**Records provided**
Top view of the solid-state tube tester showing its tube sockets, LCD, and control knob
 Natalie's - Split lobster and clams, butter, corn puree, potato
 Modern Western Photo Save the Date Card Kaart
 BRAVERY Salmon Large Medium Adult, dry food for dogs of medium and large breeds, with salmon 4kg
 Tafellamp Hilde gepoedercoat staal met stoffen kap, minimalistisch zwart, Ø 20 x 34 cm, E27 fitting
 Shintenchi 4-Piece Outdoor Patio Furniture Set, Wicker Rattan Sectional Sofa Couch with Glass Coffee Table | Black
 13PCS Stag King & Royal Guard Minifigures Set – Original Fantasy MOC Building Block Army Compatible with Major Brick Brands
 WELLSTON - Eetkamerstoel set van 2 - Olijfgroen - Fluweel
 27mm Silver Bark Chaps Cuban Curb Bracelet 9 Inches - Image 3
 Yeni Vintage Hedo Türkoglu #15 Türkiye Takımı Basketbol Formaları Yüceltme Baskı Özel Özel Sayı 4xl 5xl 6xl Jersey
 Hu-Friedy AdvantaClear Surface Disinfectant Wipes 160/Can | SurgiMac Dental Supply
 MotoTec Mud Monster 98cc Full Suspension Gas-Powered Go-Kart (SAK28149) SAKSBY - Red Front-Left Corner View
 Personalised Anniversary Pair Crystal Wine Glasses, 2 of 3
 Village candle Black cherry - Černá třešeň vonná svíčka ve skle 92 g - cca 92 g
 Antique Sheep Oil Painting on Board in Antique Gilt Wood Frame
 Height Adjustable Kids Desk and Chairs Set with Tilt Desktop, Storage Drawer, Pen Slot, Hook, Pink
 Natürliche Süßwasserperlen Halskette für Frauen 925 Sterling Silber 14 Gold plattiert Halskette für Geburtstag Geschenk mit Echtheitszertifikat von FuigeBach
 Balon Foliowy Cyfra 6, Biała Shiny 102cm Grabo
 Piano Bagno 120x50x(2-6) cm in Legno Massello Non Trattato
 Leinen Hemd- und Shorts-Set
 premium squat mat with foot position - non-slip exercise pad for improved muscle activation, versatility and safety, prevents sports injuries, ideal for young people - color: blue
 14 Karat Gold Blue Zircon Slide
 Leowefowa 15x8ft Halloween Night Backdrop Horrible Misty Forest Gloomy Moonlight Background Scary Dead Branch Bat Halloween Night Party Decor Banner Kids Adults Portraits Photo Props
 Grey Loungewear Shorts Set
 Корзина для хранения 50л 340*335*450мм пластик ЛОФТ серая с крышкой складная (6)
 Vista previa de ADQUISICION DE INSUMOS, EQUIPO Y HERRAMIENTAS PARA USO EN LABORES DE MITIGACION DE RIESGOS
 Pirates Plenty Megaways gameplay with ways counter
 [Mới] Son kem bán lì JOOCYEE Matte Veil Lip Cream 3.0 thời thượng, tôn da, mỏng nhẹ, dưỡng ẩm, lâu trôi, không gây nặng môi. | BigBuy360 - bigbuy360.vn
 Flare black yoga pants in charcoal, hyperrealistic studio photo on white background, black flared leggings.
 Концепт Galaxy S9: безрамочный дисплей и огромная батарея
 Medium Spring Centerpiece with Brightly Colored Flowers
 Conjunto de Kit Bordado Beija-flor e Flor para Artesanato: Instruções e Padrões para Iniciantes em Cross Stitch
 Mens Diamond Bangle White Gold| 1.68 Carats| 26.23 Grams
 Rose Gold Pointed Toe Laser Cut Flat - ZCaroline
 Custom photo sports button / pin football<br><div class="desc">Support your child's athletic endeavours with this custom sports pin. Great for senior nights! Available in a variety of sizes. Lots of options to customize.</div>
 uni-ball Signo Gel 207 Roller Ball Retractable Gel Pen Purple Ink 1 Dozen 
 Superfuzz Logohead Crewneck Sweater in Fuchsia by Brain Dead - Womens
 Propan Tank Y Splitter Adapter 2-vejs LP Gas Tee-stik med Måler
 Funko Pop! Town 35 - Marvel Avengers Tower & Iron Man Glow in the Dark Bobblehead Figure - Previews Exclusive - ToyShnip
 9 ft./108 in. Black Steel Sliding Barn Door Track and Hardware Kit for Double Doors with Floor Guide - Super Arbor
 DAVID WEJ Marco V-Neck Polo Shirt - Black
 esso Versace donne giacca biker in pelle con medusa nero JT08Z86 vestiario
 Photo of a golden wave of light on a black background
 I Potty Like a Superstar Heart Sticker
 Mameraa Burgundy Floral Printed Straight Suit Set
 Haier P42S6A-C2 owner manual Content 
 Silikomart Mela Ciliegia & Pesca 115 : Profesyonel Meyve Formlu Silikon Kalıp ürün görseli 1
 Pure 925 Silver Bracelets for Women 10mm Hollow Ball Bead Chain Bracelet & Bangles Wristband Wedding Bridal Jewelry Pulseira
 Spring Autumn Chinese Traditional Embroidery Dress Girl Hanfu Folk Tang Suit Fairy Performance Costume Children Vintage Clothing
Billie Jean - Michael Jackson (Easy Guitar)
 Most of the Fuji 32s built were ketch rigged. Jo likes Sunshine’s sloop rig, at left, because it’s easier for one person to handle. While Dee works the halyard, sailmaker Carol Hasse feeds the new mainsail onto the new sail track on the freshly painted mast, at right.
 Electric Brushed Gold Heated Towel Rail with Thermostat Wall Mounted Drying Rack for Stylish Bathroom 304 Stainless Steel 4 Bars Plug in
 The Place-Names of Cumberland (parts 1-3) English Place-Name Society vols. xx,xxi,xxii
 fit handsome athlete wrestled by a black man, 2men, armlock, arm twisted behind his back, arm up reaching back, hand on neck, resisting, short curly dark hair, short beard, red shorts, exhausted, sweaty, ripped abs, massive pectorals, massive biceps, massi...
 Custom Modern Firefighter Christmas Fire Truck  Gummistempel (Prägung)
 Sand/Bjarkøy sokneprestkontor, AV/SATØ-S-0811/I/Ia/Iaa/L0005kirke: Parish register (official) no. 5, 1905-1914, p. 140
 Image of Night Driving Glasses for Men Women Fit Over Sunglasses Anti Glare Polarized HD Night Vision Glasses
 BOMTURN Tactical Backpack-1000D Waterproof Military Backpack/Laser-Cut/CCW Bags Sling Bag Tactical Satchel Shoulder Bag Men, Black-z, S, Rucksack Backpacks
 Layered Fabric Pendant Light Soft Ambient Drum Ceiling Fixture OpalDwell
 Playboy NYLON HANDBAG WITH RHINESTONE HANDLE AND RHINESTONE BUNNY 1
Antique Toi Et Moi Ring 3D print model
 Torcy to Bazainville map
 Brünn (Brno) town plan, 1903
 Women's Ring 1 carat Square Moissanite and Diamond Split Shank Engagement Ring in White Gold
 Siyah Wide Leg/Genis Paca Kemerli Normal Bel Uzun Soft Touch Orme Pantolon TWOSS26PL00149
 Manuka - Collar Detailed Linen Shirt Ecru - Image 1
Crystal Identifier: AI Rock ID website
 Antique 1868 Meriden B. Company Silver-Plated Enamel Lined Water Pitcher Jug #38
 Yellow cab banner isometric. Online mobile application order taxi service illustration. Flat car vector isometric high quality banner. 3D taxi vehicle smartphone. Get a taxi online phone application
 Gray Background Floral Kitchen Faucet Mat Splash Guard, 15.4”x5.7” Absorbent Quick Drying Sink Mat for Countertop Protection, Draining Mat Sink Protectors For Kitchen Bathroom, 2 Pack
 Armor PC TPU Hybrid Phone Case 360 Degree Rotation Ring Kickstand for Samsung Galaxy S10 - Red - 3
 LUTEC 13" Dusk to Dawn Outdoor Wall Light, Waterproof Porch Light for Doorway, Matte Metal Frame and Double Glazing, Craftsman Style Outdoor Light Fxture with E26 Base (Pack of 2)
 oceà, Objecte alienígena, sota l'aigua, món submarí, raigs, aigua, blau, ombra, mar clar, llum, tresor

**What is expected**
Quote the data above from the line containing "I Potty Like a Superstar Heart Sticker" to the line containing "Billie Jean - Michael Jackson (Easy Guitar)", inclusive, and stop.

**Response area**
 I Potty Like a Superstar Heart Sticker
 Mameraa Burgundy Floral Printed Straight Suit Set
 Haier P42S6A-C2 owner manual Content 
 Silikomart Mela Ciliegia & Pesca 115 : Profesyonel Meyve Formlu Silikon Kalıp ürün görseli 1
 Pure 925 Silver Bracelets for Women 10mm Hollow Ball Bead Chain Bracelet & Bangles Wristband Wedding Bridal Jewelry Pulseira
 Spring Autumn Chinese Traditional Embroidery Dress Girl Hanfu Folk Tang Suit Fairy Performance Costume Children Vintage Clothing
Billie Jean - Michael Jackson (Easy Guitar)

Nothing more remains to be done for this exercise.